In a January letter to the OCC, the American Bankers Association offered both encouragement and a cautionary warning. “ABA supports the OCC’s intent to consider special purpose charter applications from fintech companies as long as existing rules and oversight are applied consistent with those for any national bank,” wrote Robert Morgan, ABA’s vice president of emerging technologies. “Any such charter option must be implemented thoughtfully to ensure that the policy determinations underlying our bank regulatory framework are maintained, including the separation of banking and commerce. This means applicable rules are applied evenly and fairly across all national bank charters, and the OCC performs effective oversight to assure safe and sound operation and consumer protection.”
The political reception to the OCC’s proposed charter also has been tepid, if not negative. Earlier this year members of the U.S. Senate Committee on Banking, Housing and Urban Affairs sent the Comptroller a letter acknowledging the new regulatory challenges posed by fintechs but asked why a company looking to engage in banking services shouldn’t have to abide by existing regulatory rules. The letter also raised concerns about the potential of fintechs co-mingling banking and commerce.
“We believe that the OCC’s plan to offer alternative charters to nonbank and fintech firms as explained could upset the current financial regulatory structure. We would urge the OCC to refrain from offering any alternative or special purpose charters. It is up to Congress to take action on these important matters, and while it does we would encourage the OCC to devote its resources to collaborating with other federal and state regulators to aid innovative financial services providers in navigating the current landscape of laws,” the letter concluded.
Randy Benjenk, an associate at the New York law firm Covington & Burling with expertise in financial law, said the new charter could face a much harder road in the near future.

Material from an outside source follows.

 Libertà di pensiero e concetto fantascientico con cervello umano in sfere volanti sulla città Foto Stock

“The initiative began as a non-partisan issue, but it is turning more partisan as more details are put on the table, with different groups seeking to influence what the charter and its regulatory regime will look like,” Benjenk said.

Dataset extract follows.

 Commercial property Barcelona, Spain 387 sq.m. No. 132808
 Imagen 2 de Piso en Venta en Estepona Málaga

Republicans on the House Financial Services Committee sent a letter to Comptroller Curry in March saying Congress would consider overturning the fintech charter policy if it is finalized before the next comptroller is confirmed. Curry’s term expired in early April.
“That isn’t because those Republicans disagree with the policy of issuing a fintech charter – they don’t – but they want a comptroller appointed by President Trump to be able to shape the direction of the policy,” Benjenk said. “The charter is becoming the focus of a lurking state-federal turf battle. State banking regulators would lose influence and jurisdiction if fintech companies flocked to a federal charter, and they have been extremely critical of the OCC’s initiative.”
The Conference of State Bank Supervisors, for instance, sent a letter to the Comptroller earlier this year criticizing the charter along mostly the same lines Cole said the ICBA objects.
“The OCC’s unauthorized expansion of power should not be allowed to move forward because it exceeds its legal authority and makes an end run around Congress,” John Ryan, CSBS president and CEO, said in the letter. “A federal charter would stifle innovation, not foster it, and advantage large, established institutions at the expense of new and small ones. No one should have a monopoly on innovation.”
No one can predict how the journey of the fintech charter will play out, but Cole said the burgeoning mish-mash of financial technology products, that appeal in particular to a younger demographic, pose a potentially massive threat to community banks if the end result is a direct competitor with decreased regulation. He said community bankers should make determining how the fintech industry evolves a high priority.
“We’re on the verge of an historic time,” Cole said. “If the OCC goes forward with a fintech charter I think it will transform the industry.”